In normal times, over 40% of US voters would NOT pick a notorious sex offender for president. But these are not normal times.
You would have thought that the sight of mobs carrying Trump flags and weapons and chanting for the death of Vice President Mike Pence on January 6, 2021, would have been alarm enough. You would have thought the same of Trump’s Access Hollywood tape, in which he confessed his impulse to abuse women. You would have thought the two dozen women who accused him of abuse would have had that effect. Even if none of those things were quite warning enough, you would have thought the findings in the E. Jean Carroll case would have been enough. After all, respected federal judge Lew Kaplan wrote, “The fact that Mr. Trump sexually abused—indeed, raped—Ms. Carroll has been conclusively established and is binding in this case.” It should have been enough. But so far, it has not been.
And who would have thought that the party of Ronald Reagan is now led by a stooge of the Evil Empire?
You would have thought that Trump reaching out on national television to our Russian adversaries for aid during the 2016 campaign would have been enough. You would have thought the conclusive findings of every major U.S. intelligence agency that Russia sought to aid Trump’s campaign would have been enough. You would have thought that Robert Mueller’s finding 10 instances of possible obstruction of justice by Trump would have been enough. You would have thought Trump kowtowing to Vladimir Putin and taking his word over that of our intelligence and law enforcement communities would have been enough. You would have thought his illegally withholding aid to Ukraine to seek dirt on Joe Biden would have been enough. You would have thought his impeachment for that would have been enough.

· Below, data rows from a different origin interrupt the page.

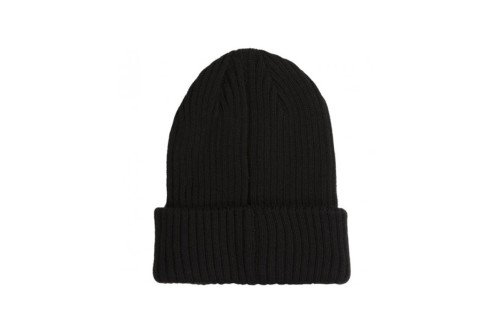 Vans Mn Clipped Cuff Σκουφάκι Χειμερινό (VN0A53VWBLK1)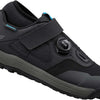 Shimano sh-ge900 - chaussures d'enduro vtt gravité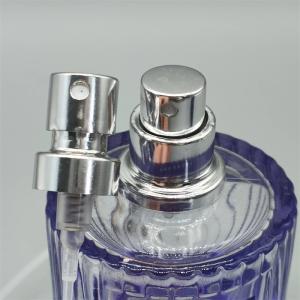 Wholesale Premium Perfume Spray Pump for Luxury Fragrance Brands with Precision Misting &amp; Anti-Leak Design from china suppliers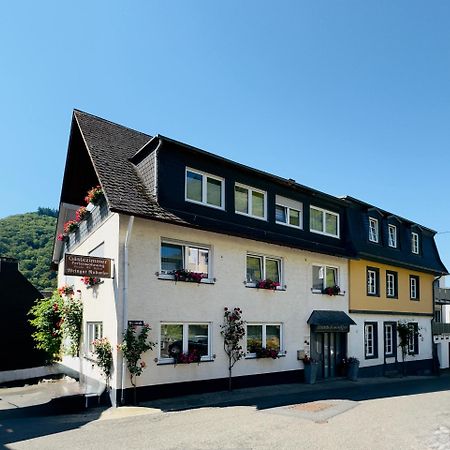 Ferienweingut Rudorfer Hotel Valwig Exterior photo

Are you willing to spend more time and money than in previous election cycles to end a major threat to Western democracy and to undermine homegrown fascism for at least the rest of this decade?
So, ask yourself, is that enough to make you do more than you have done? Is that enough to commit for the next 10 months to do more than you have ever done during an election year? To give more? To canvas more? To spread the word more? To help get voters to the polls? To ensure every member of your family, your friends, your co-workers do the same? The stakes are too high to do less than everything you can.
I rarely quote Margaret Thatcher and would probably disagree with at least 90% of her views. But she did know something about winning elections and combating the USSR. If she was good for just one thing, it's for this observation in a speech made in her retirement.
[N]o battles are ever finally won; you have to go on winning them by example and by being prepared to defend your way of life against those who would attack it.
If we learn just one thing from the Trump threat, it's that we can never rest on our past laurels. A slacker democracy is one which will not outlast a determined demagogue.
Civic involvement by pro-democracy citizens is absolutely necessary to maintain freedom.